Former model and soap star Cusi Cram's A Lifetime Burning, a Primary Stages production at 59E59 Theater A, ignites August 11 and flames out September 5. Kissing Jessica Stein 's Jennifer Westfeldt (a.k.a. Jon Hamm's girlfriend) stars as Emma, an off-her-meds manic-depressive who pens a fictitious memoir. As she defends her literary fabrication of Incan heritage and crackhead relatives to the sister who exposed her as a James Freyian fraud, we witness flashbacks to Emma's true torrid affair with a sexy Latino student.
Director Pam MacKinnon, a frequent Edward Albee interpreter, states in her program notes that the play's a work in progress, and a few extra tweaks might improve some stale, clunky dialogue. But what this drama lacks in polish it makes up for in pizzazz: Emma spends her hefty book advance on fancy new furniture, so the set is enviably gorgeous. Also fab is Emma's deliciously dry book agent, a vision in vintage Chanel played by Isabel Keating, who earned a Tony nod for channeling Judy Garland opposite Hugh Jackman in The Boy From Oz.
Speaking of burning sensations, the new Broadway season officially began with the August 2 opening of Burn the Floor at the Longacre Theatre. Made up of a live band, a fog machine, a disco ball, a pair of vocalists, and 10 dancing couples from various countries around the world, this evening of competitive ballroom dance (or "dancesport") was choreographed by out Aussie Jason Gilkison and conceived as a special performance for Elton John's 50th birthday celebration in 1997.
Considering its queer genesis, it's a shame there isn't at least one steamy same-sex samba, but I suppose a waltz set to "After All (Love Theme From Chances Are )" is close enough. Crowds craving eye candy of both sexes won't go hungry here, and those sitting in the front rows may even feel beads of sweat flinging off the male dancers' ripped abs, strong shoulders, and impossibly toned legs as they spin, lunge, thrust ... What was I talking about? Oh, right. Dancing.

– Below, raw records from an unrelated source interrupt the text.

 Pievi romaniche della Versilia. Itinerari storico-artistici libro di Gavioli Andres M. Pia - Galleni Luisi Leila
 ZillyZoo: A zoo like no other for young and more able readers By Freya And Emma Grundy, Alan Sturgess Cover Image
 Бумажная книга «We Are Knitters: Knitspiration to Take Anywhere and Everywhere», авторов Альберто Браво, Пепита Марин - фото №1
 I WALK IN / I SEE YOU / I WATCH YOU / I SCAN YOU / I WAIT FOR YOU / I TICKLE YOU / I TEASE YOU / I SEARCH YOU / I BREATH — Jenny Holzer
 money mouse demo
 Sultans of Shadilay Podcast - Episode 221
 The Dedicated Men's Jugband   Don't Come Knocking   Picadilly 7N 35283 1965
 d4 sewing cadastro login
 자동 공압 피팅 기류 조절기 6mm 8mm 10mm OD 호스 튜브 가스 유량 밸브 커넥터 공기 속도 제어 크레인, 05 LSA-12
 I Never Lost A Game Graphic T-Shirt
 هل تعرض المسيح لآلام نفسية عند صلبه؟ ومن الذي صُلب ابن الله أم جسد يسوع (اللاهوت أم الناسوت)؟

If you're already suffering from So You Think You Can Dance withdrawal, you can feel the Burn until October 18. Catch it by August 16 and ogle Dancing With the Stars darlings Karina Smirnoff and the oft-shirtless Maksim Chmerkovskiy (pictured left).
For next month's column I'll recount my brave attempt to see as many gay-themed shows in the 13th annual Fringe Festival as humanly possible during the last two weeks of August. Sort of like Julie Powell's Julie/Julia Project, only with fewer carbs and zero chance of a feature film adaptation starring Meryl Streep.